There is a curious progression in this passage. Christians sometimes don't see the connections, but they are there.
This is an often-quoted passage. Not so often noted, however, are the steps of forgiveness. After the sin, comes the rebuke. Most of us don't have the faith and courage to do this—and Jesus knows this. We just "forgive and forget" - with the result that our brother has no motivation to reform. We must rebuke. Then repentance can come. If we will not rebuke, we have failed our brother, and have refused to follow the command of our Lord.
Note, too, that repentance must be had. The object is to restore the brother to a right relationship to God and the church. If there is no repentance, this relationship cannot be restored.
The disciples' reaction
It seems disconnected, somehow, for the disciples to ask Jesus to increase their faith. It's as if Luke had mixed up his note cards in preparing this section. But this is not so. The disciples clearly understood the problem. The brother offends; I rebuke—and what if he gets angry and doesn't repent? Then what a fix I'm in! He'll tell me I'm judgmental; he'll tell me I'm unforgiving and not a very good Christian; he'll tell me I didn't understand that he had a right to do that. To step out against that human reaction is not normal; it is an act of faith. Jesus tells you to do it; you must step out on faith—rebuke, see repentance and forgive. It is risky business, that.

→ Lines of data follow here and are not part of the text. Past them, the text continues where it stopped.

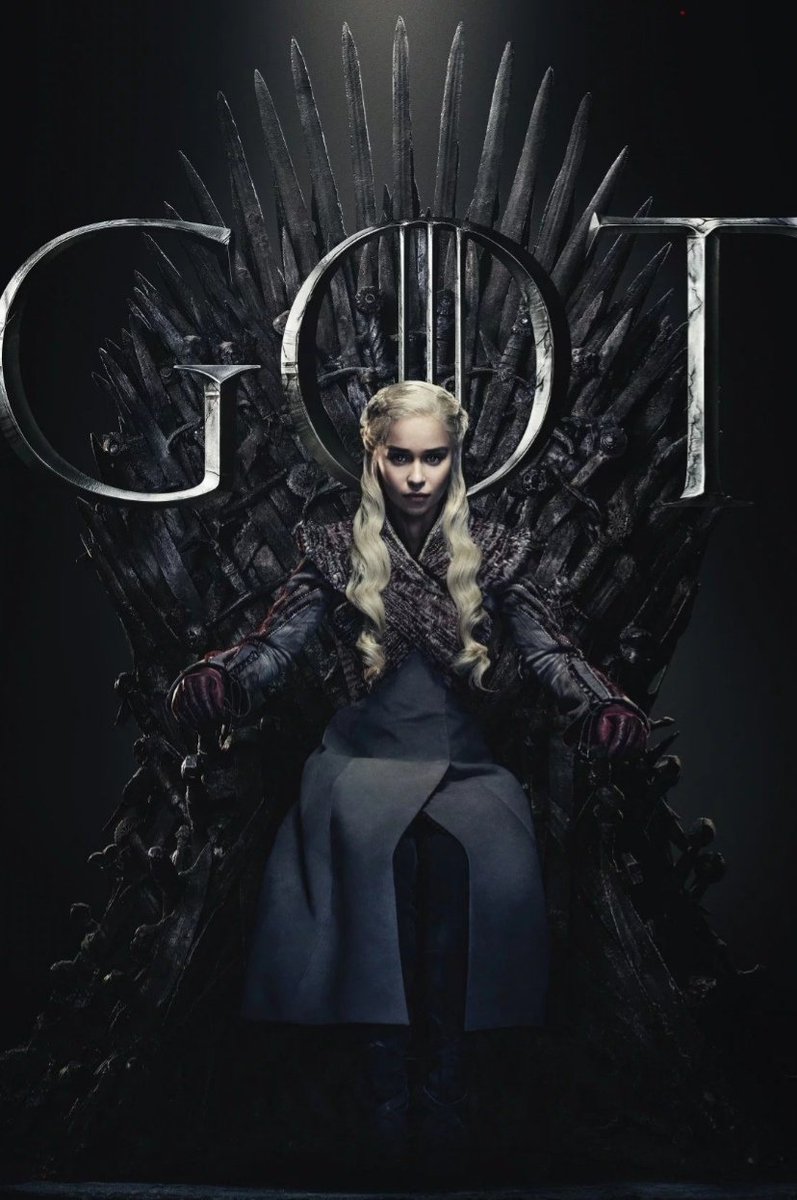 Targ_Nation's tweet photo. beyond the drama it's causing, i just love how that prophecy keeps proving time and time again that she should've been the one to rule. a REAL targaryen on the iron throne uniting the kingdoms
#HouseOfTheDragon https://t.co/gMUTUR3B0K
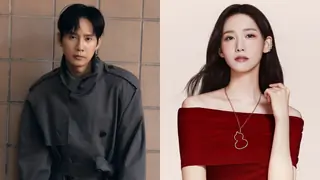 Squid Game 2 star Park Sung-Hoon, YoonA's The Tyrant's Chef script reading schedule cancelled Thumbnail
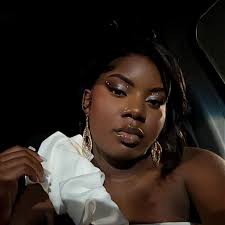 Does anyone have any breastmilk to spare? My supply has gone and My Micro  Preemie Needs More Milk🥺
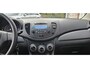 Hyundai i10 1.1 i-Drive Cool Airco! NAP! 5-Deurs! Leuke Auto!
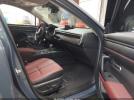Mazda Cx Premium Plus Package Image 4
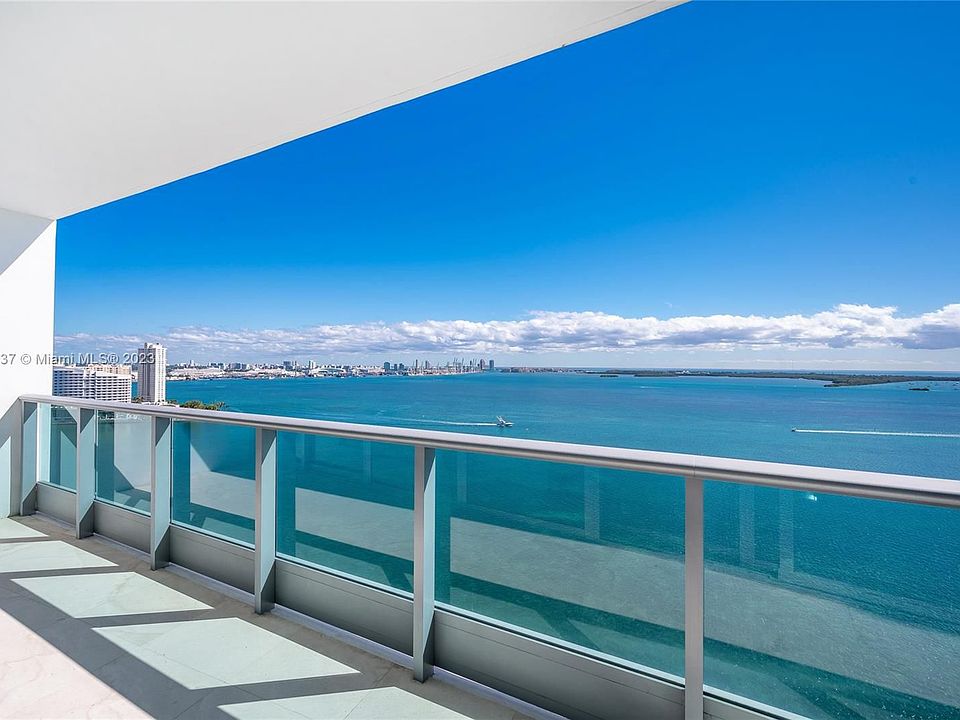 1st image of 1331 Brickell Bay Dr APT 2309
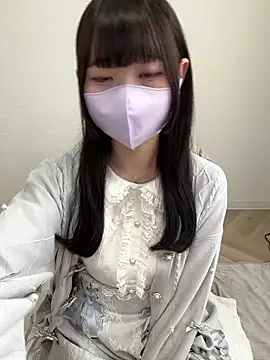 Reina cute 00  online show from 02-22-26, 06:27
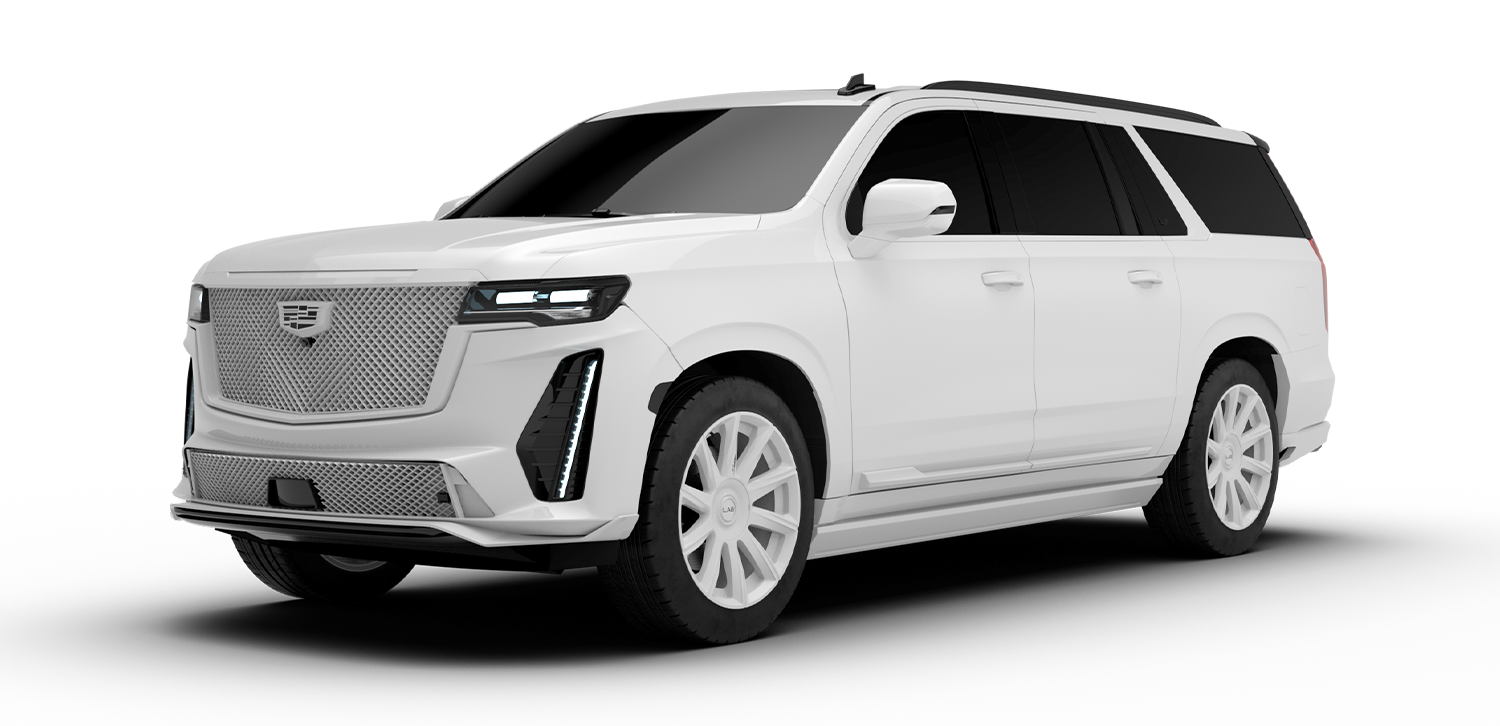 paint protection brisbane ceramic coating finish car paint protection brisbane gloss reflection paint protection film installation brisbane front bumper ceramic coating water beading paint protection brisbane vehicle paint protection before and after brisbane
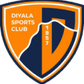 Diyala logo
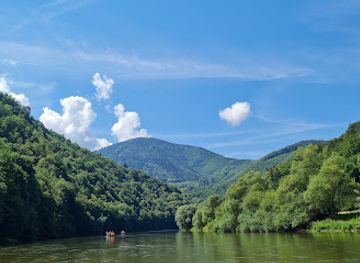 slovakia/turiec/attraction/plte-na-vahu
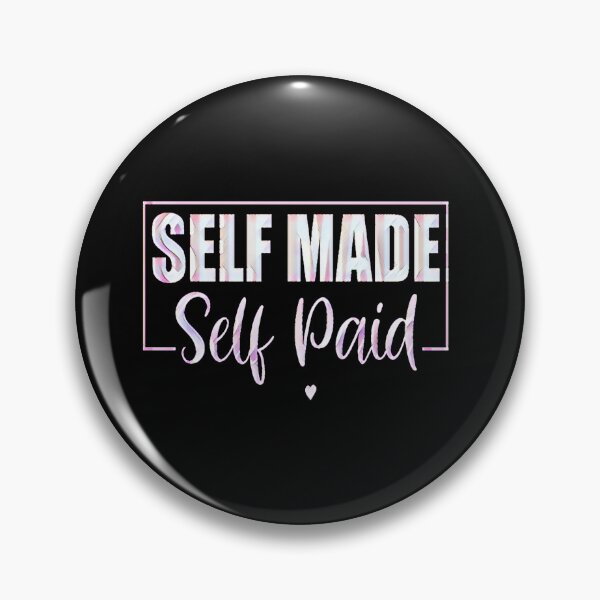Item preview, self made self paid designed and sold by creativerooney.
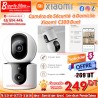 Caméra de surveillance Xiaomi C300 Dual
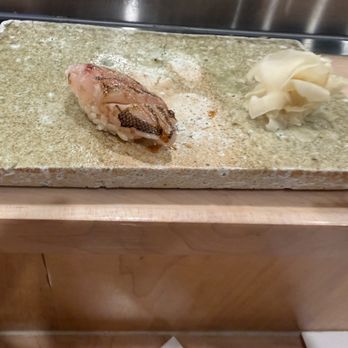 Sushi Kisen - Japanese Near Me - Arcadia, California Sushi Kisen - Japanese Near Me - Arcadia, California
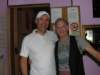 dscn4601_small.jpg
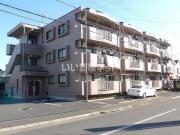 ＪＲ高崎線深谷駅まで徒歩31分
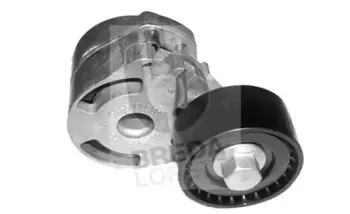 Натяжитель ремня, клиновой зубча BREDA LORETT купить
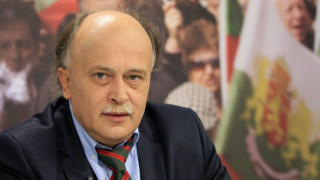 Променят наредбата за чужди лекари, извършващи съвместни дейности с българските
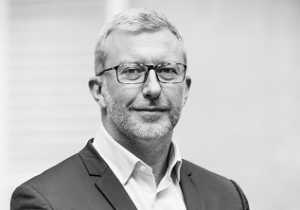 Franck Urbanski, InnovaFonds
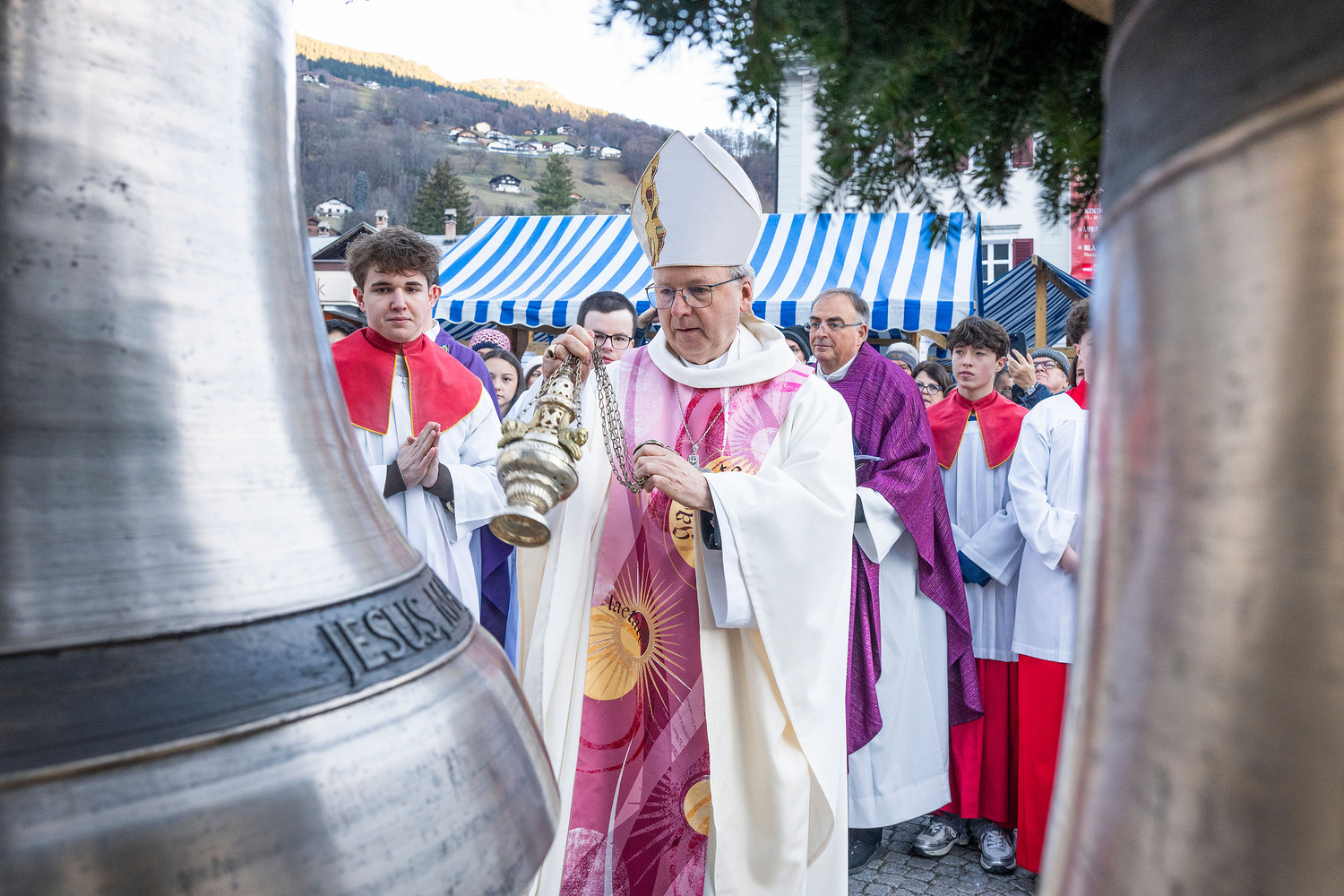 PATRICK SAELY PHOTOGRAPHY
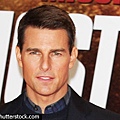 Tom_Cruise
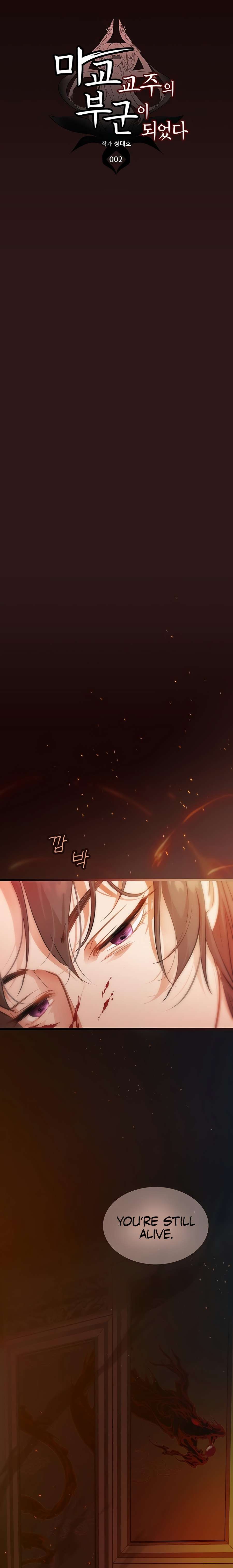 Page 12 of Chapter 2
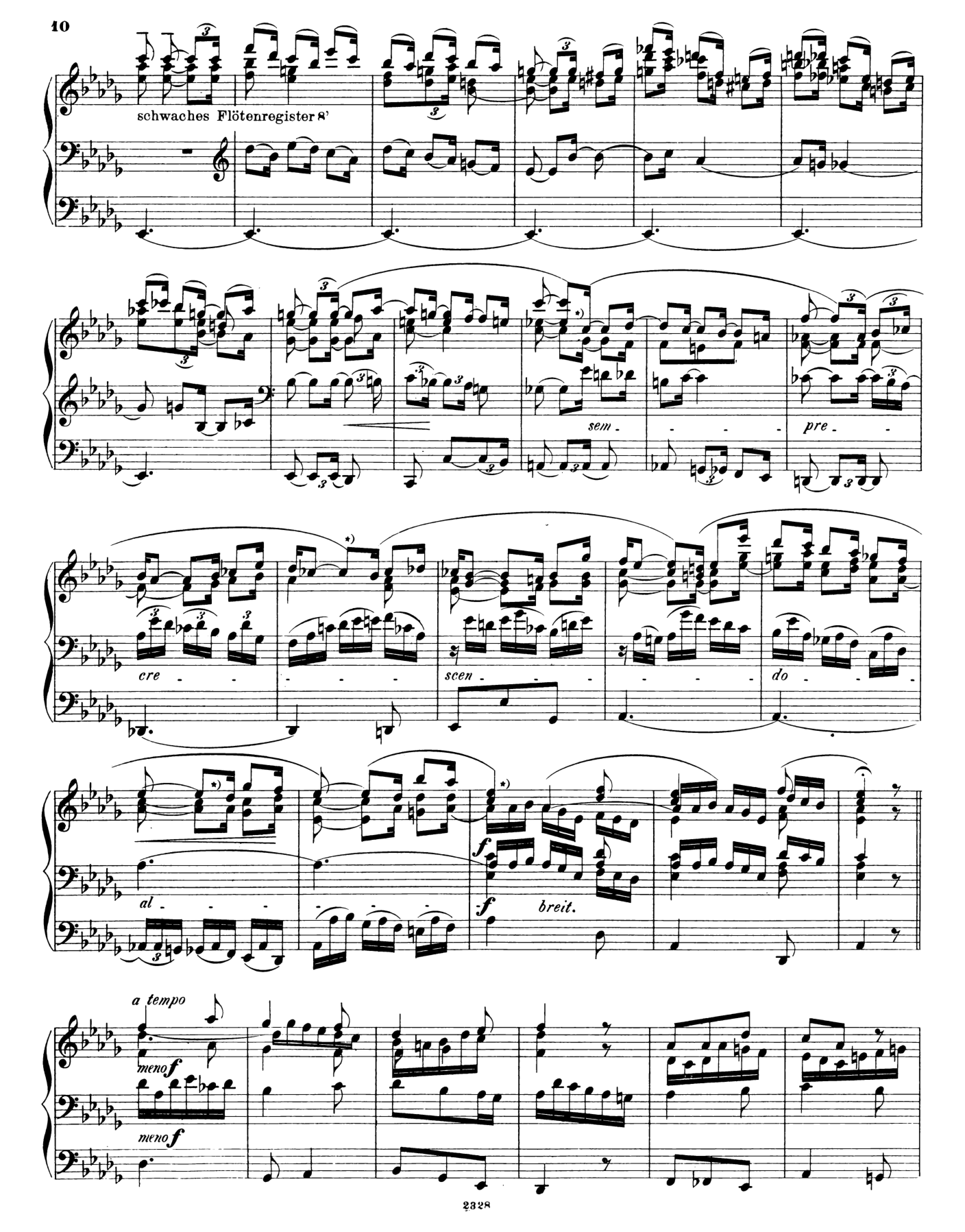 Organ Sonata No.1, Op.1 [#759259].pdf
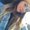 Photo of Caitie C.
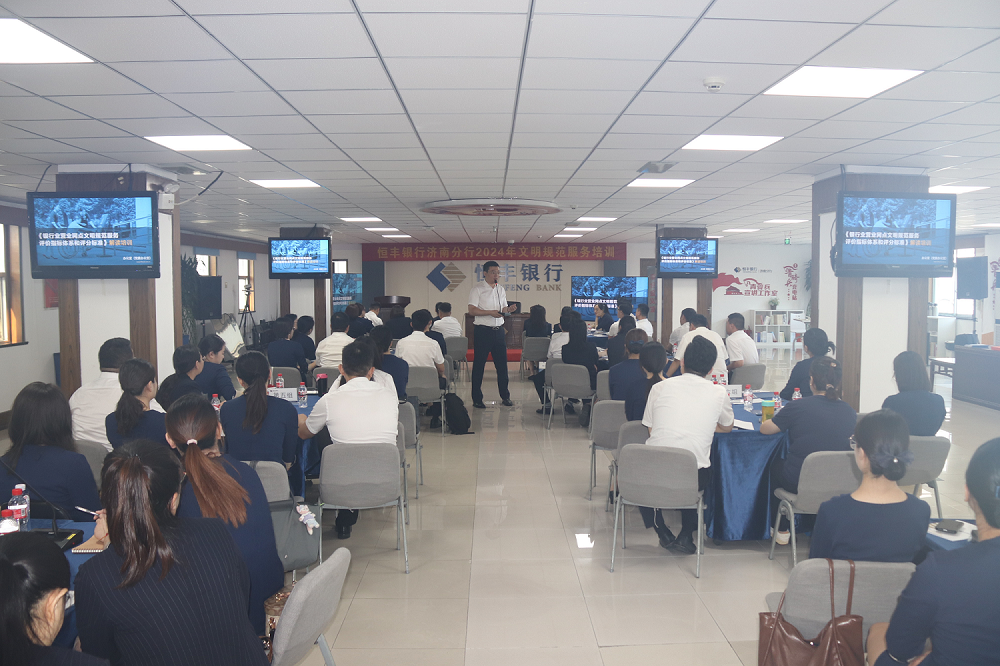 1724811650545032530.png 图片3.png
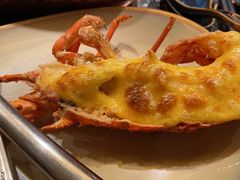 -荣记火锅(青悦城店)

Our Lord makes clear that the starting point for this is just that: a starting point. Most of us won't do this the first time. But if we do—and do it in faith—God will increase that faith, just as naturally as the tiny seed grows into this large plant. But there is a danger in that, too.
Who owes what?
There is a temptation here to forgive (often without rebuke or repentance) and then tell God that (having forgiven) He is now in our debt. We feel that forgiveness racks up celestial brownie points. It is not so.
Christ reminds us that rebuke and forgiveness are the obligations of a disciple. They are not optional, for our own forgiveness depends upon them. It is a requirement, not an option. We are saved by grace, not by our forgiving others.